The policy gradient method often suffers from high variance during training. The actor-critic method attempts to reduce the variance by fitting functions that are components of the true objective. But first, let’s define a couple of functions.
Q-function
Q-function (\(Q^\pi(s_t, a_t)\)) provides the expected cumulative reward from time \(t\) when taking action \(a_t\) in state \(s_t\) as you roll out the future action-state pairs according to policy \(\pi\).
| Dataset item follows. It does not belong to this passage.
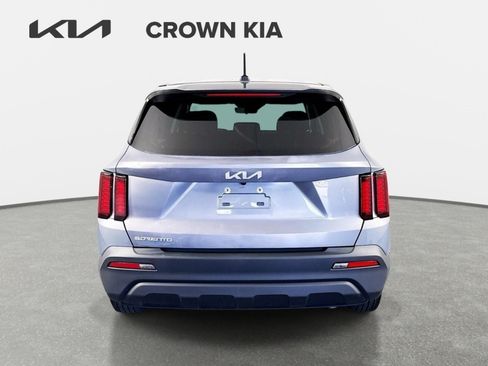 Certified 2023 Kia Sorento LX FWD image 6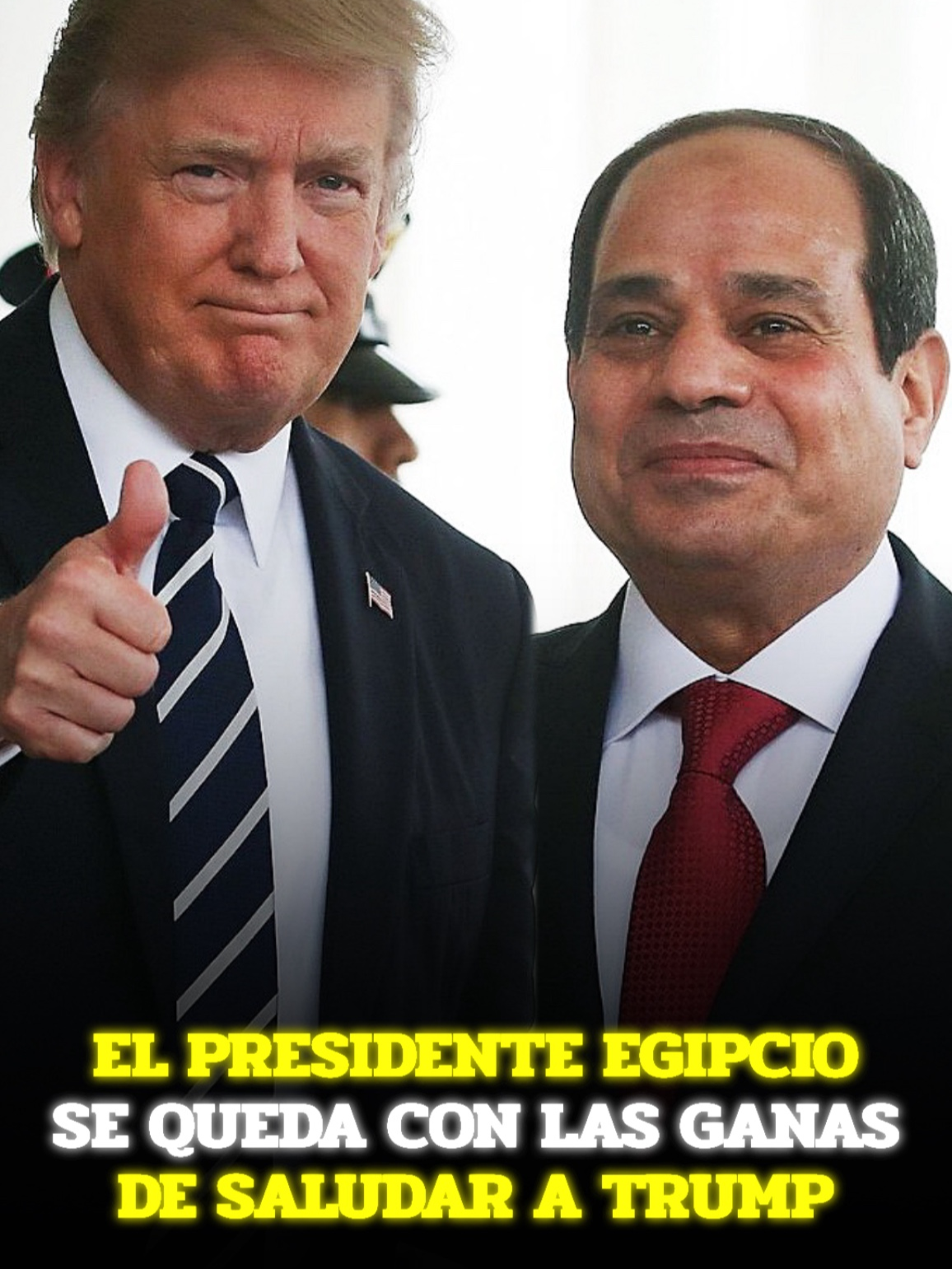 Donald Trump ignora el saludo de presidente eigpcio en Egipto  Durante una reunión con el presidente egipcio Abdel Fattah Sisi, Donald Trump no notó cuando este extendió su mano para un apretón de manos. El momento incómodo generó risas y comentarios entre los asistentes. Este incidente refleja la tensión y momentos inesperados en las interacciones diplomáticas. ¿Qué opinas sobre este episodio?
\[Q^\pi(s_t, a_t) = \sum_{t'=t}^T E_{\pi_\theta} [r(s_{t'}, a_{t'})|s_t, a_t]\]The true RL objective is to maximize the expected total rewards, and can be rewritten in terms of Q function as
\[E_{\tau \sim p_\theta(\tau)} \Big[ \sum_{t=1}^T r(s_t, a_t) \Big] \\ = E_{s_1 \sim p(s_1)} [E_{a_1 \sim \pi(a_1 \vert s_1)}[Q(s_1, a_1) \vert s_1]]\]Value function
Value function (\(V(s_t)\)) provides the expected cumulative reward from \(s_t\).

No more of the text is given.